RE:Are the there grounds for a lawsuit?such an action could only be filed BEFORE the vote. Otherwise, shareholders have their say to vote in favour or not. If shareholders vote in favour, then all is moot. If shareholders repudiate management and the board by voting no, the CEO is behooved to offer his resignation, however, even if Dev tendered his resignation, it is unlikely the board he chose would accept it.
neofinetia wrote:
Could there be a successful lawsuit to prevent the proposed merger of Fission and Denison?
I have little knowledge of Canadian law and can offer no opinion. But if there are standards of acceptable behavior, and obligations of public company directors to shareholders, there ought to be grounds for a suit.
A director of a public company has a fiduciary obligation to the company’s shareholders.
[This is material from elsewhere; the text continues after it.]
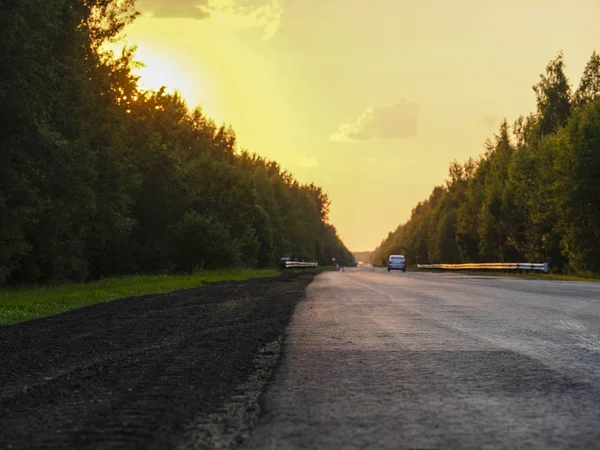 Landscape with the Image of a Country Road at sunset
In the case of the proposed merger, management obtained professional advice that the proposed exchange of shares was fair. Most of us would disagree with that assessment but notwithstanding, I suspect that the assessment would stand in a court of law.
As we all know, exploration has turned up impressive results since the terms of the merger were announced. And this is not just my view, it is that of management as well. But it is not only the likely considerable addition to reserves of high-grade shallow mineralization at PLS that makes a difference, there has been a very favorable Preliminary Economic Assessment (PEA). This assessment suggests a value for Fission much higher than the share price, and does not include the mineralization recently indicated.
Meanwhile, little has changed at Denison and although it sold an asset at a higher than expected value, it did not make a material difference to total values.
In an earlier post I asked that if management thought the share exchange ratio was fair on the information we had at that time (July 28), how can it still consider the exchange fair in the light of the success at R600W zone and the PEA?
If management is to fulfill its responsibility to shareholders, it needs to explain why the merger and the consideration to Fission shareholders are still fair in the light of the PEA and exploration. If it can’t do this, it has a moral obligation to call off the merger and pay the termination fee. The only excuse for continuing with the merger is if the value added by exploration success and the PEA is less than the $CAD13 million termination fee. In my opinion, this excuse would not be credible.
I would hope that there is legal recourse if management refuses to recognize the changes that have occurred. I further wonder about the expert opinion relating to the values of Fission and Denison. Could the authors of these fairness reports stand before a judge and claim that the merger terms were still fair? Or how about asking the analysts at the respective investment firms their choice of investment? At present prices, would you prefer to own Denison or Fission if the merger were called off? They may say Denison but in my opinion it would be at the expense of their credibility and integrity.